While the Numero Group is best known for introducing the world to off-the-radar funk and soul labels that existed on the fringe of ’60s and ’70s, they’ve never been one to pass on the chance of digging up a fair share of equally intriguing slabs of folk and pop lost to the sands of time. Their latest find is the product of both crate-scouring coincidence and the curatorial manpower needed to turn such buried treasures into pristinely packaged gems. Pisces is almost as imagined as a psychedelic band from Rockford, Illinois as a band can be. While compiling singles for another round of their Eccentric Soul series, Numero stumbled upon a single by the studio’s lone rock outfit then known as A Lovely Sight. Further investigation led them to Jim Krein and Paul DiVenti, the songwriters and producers of the single, and within that rabbit hole they found a pocket of psychedelia’s history that had never been discovered until now.
As the story goes, A Lovely Sight never made it past the first press of an astonishly small batch of singles, but Krein and DiVenti, two working-class Midwestern everymen soldiered on, buying a small studio in Rockford and eventually changing their name to Pisces and recording what would make up this reissue during the time in between their usual business of producing radio ads and local vanity projects. The tragedy is none of these nuggets ever escaped, none of this was even pressed onto an LP, which led to the daunting task of Numero to assemble their work as an imagined album.

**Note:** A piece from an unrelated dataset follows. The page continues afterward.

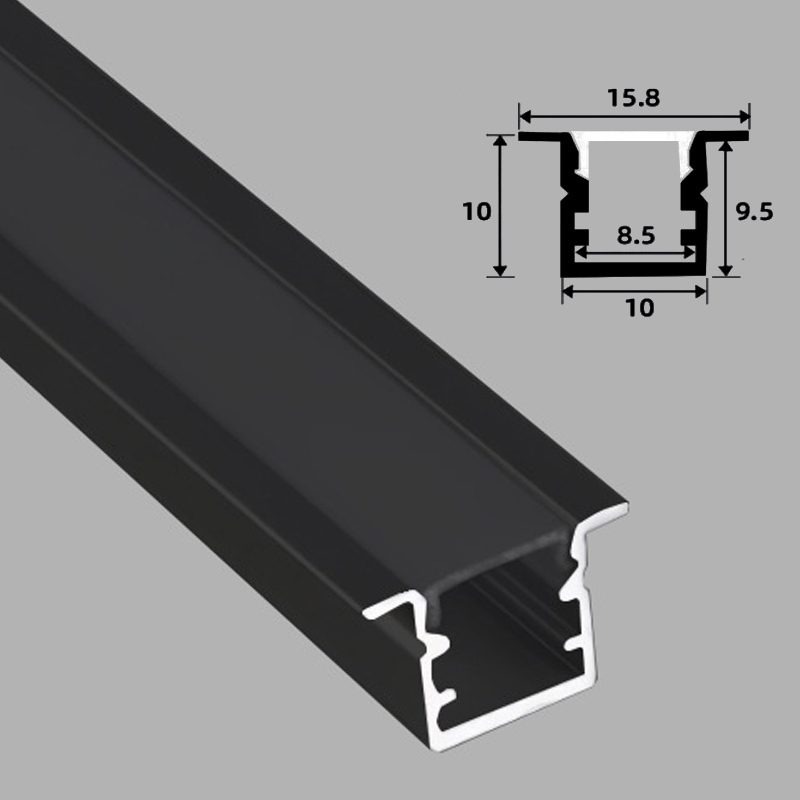 Aluminium Profile - Embedded Mount FD-AP007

Anyone familiar with the Hollies-Zombies-Turtles triumvirate will take solace in tracks like “Motley Mary Ann” and “Elephant Eyes,” as they were indicative of the British Invasion pop turned slightly halcyon by the bohemian revolution and acid-happy Beatles, but even stranger as the duo was known to spend hours cultivating their simple tunes into wild studio experiments. There are clues here that Krein and DiVenti weren’t content with three-minute singles (though they’re here aplenty) and looking the look or walking the walk of the average mod-top or deadhead (though it’s sounds like their musical tastes traveled from NYC to San Francisco). These sessions were equally dark and dense, while a song like “Mary” begins as the sweetest bubblegum this side of the Ohio Express before it quickly dives into the effects of the day, twisted even more towards its end with found samples, tape manipulations, drumbeats and solos in reverse. Any question of their singularity is answered with the album’s most mysterious take “Children Kiss Your Mother Goodnight,” where nursery rhymes meet dirge organ and death is eventually a theme.

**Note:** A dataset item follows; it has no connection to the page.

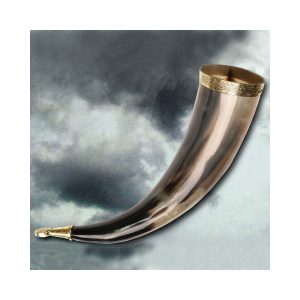 Rog za ispijanje Viking Rollo 38cm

During the years the duo spent holed in their studio, they also recorded sessions with their resident siren, Linda Bruner. Originally Krein intended for Bruner’s work to be separate from that of Pisces, even though the band played on every one of her songs. But in the resurrection of the studio reels Numero chose to include her as a part of the complete package. Incidentally her contributions here sound necessary, as if she were the Grace Slick angst or Nico calm to the rambling whims of the group’s main songwriters. Her country inflections on “Sam” and candlelit melancholy on “Are You Changing in Your Time” would have been indispensible had Pisces seen the light of day in their appropriate time.

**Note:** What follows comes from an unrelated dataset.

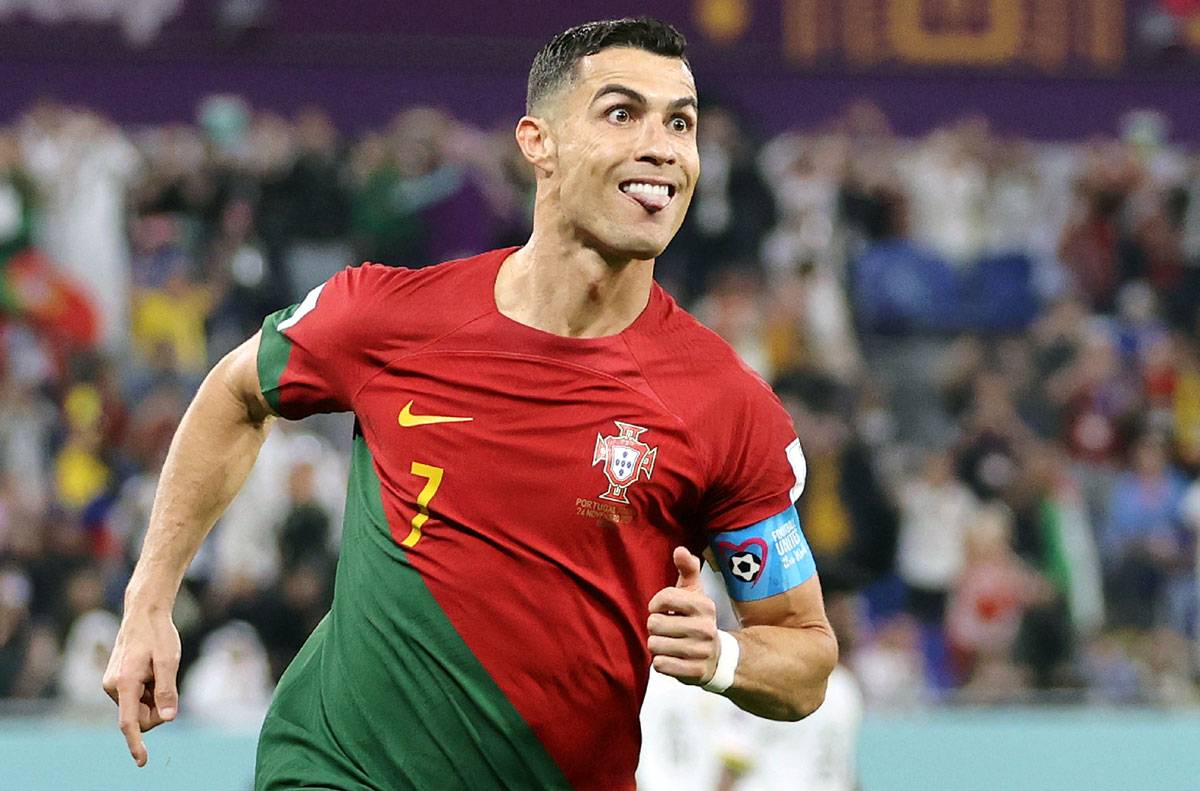 Cristiano Ronaldo begins World Cup campaign with Portugal after Manchester  United departure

But that begs the question, when was the appropriate time for Pisces? While A Lovely Sight will never take the place of a Revolver or an Odyssey and Oracle, its grooves seem quite significant as a snapshot of what was going on in the middle of the country. Even though the album is wildly varied from track to track, these were not simply cover versions, or rehash. Nor were they lofty aspirations to escape small-town America and tour the world. There’s a rustic quality, a boundless imagination at the heart of the album that sounds distinctly Midwestern. There’s a spirit ingrained in these recordings that was not influenced by trends, fashions and the liberal utopias that were quickly crumbling on the coasts. Maybe just two men’s journey to the center of their minds? Quite a concept.